Melanie Naumann ist Ausbildungsverantwortliche bei dem Kölner Unternehmen FOGTEC. Im Interview gibt sie Einblick in ihre Arbeit und geht dabei speziell auf Fragen zur Ausbildung zur Kauffrau / zum Kaufmann für Groß- und Außenhandelsmanagement ein. Daneben berichtet Naumann, die auch Prüferin bei der IHK Köln ist, wie FOGTEC dem Fachkräftemangel begegnet und das Thema Lernortkooperation angeht.

"Wichtig ist es, die Auszubildenden direkt in alle Systeme einzubeziehen, damit sie umfassende digitale Kompetenzen erwerben."

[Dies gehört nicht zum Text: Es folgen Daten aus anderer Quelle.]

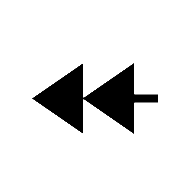 Leftwards Two-Headed Arrow With Triangle Arrowheads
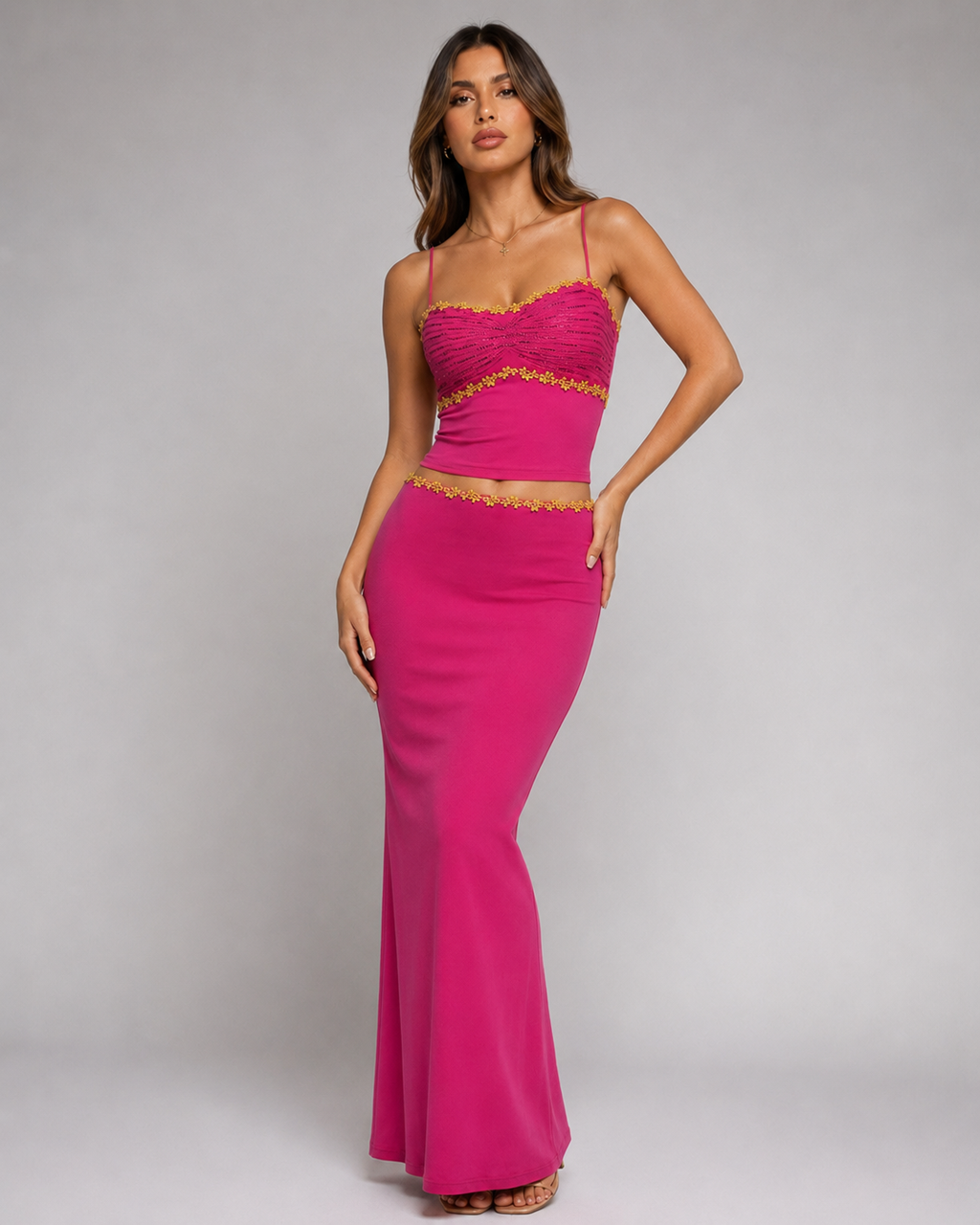Tavia Two Piece Maxi Skirt Set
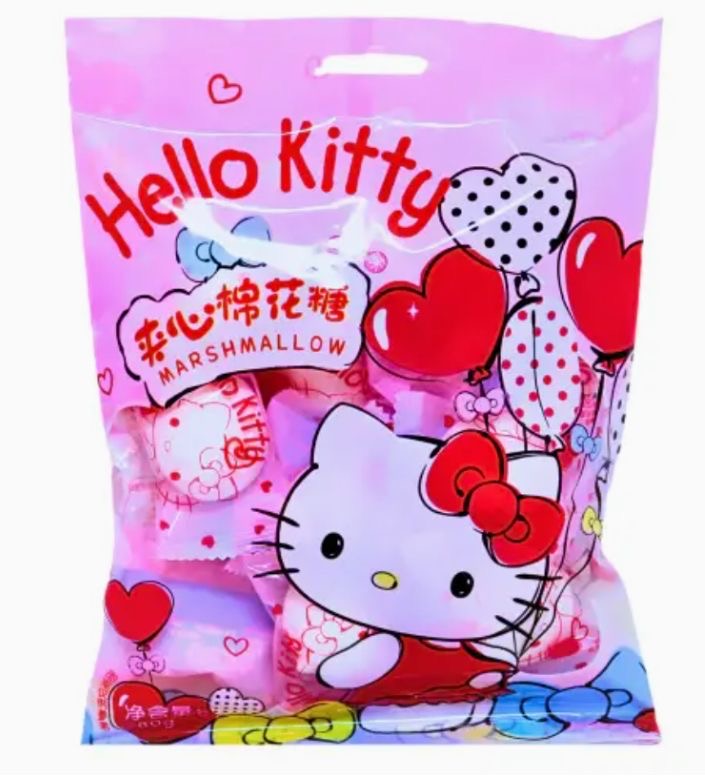Hello Kitty Marshmallow Strawberry Flavor 10 Count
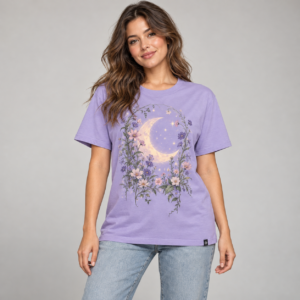Moctross Women's Moon Garden Graphic Tee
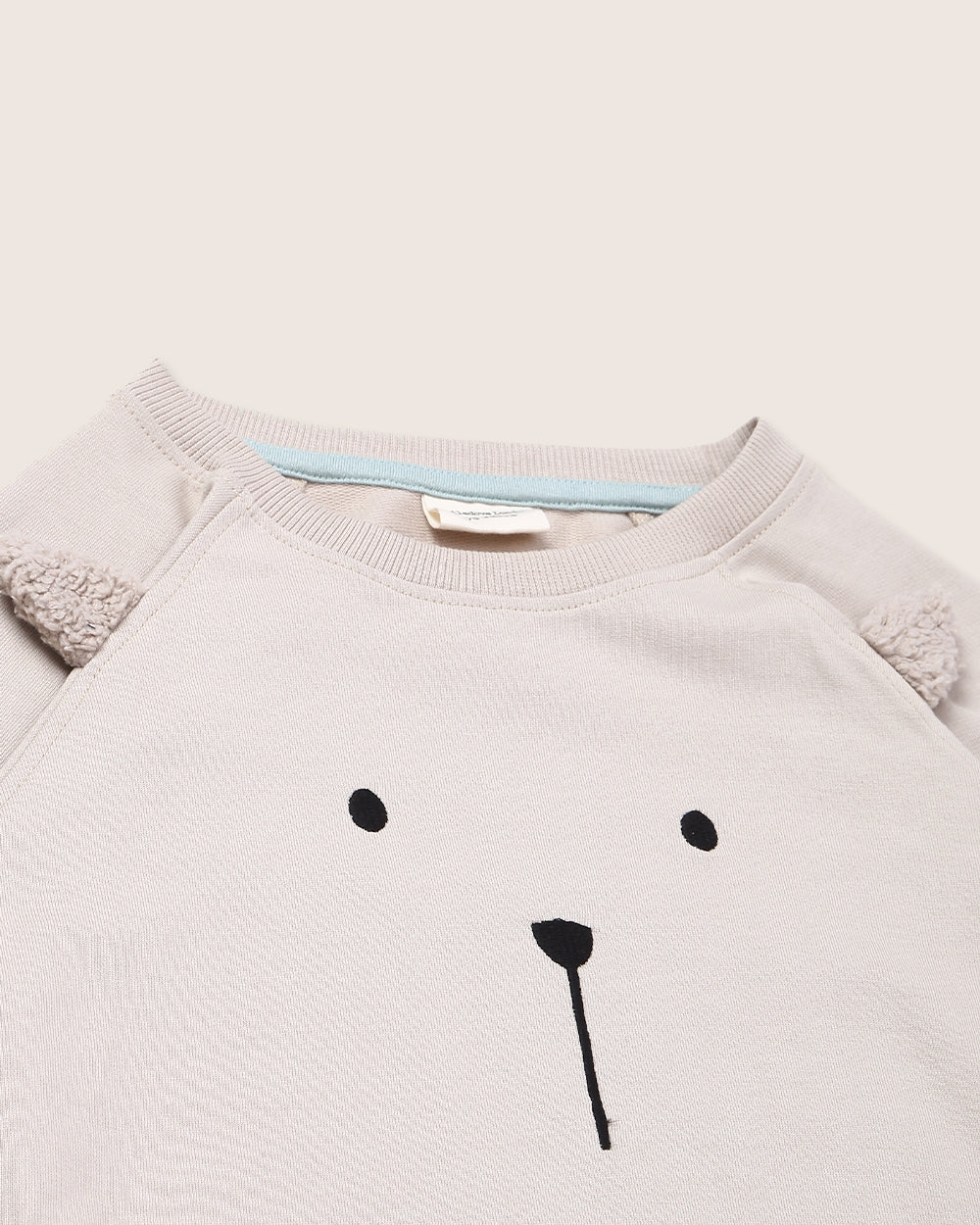 Sustainable organic cotton kids sweatshirt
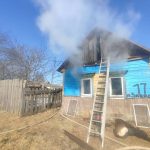 17 марта в п. Завидовка горел дом. Пострадавших нет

Das inhabergeführte Unternehmen FOGTEC ist einer der führenden Anbieter von umweltfreundlichen Brandschutzsystemlösungen so z.B. von ressourcenschonenden Brandbekämpfungsanlagen auf Wassernebel-Basis. Die Systeme zum Schutz von Gebäuden, Industrieanlagen, Schienenfahrzeugen und Tunneln werden weltweit vertrieben. Für die Entwicklung bestehen Partnerschaften mit Universitäten und Forschungseinrichtungen. Mit Vertriebspartnern in mehr als 40 Ländern und eigenen Standorten in China und Indien ist das Unternehmen sehr international ausgerichtet.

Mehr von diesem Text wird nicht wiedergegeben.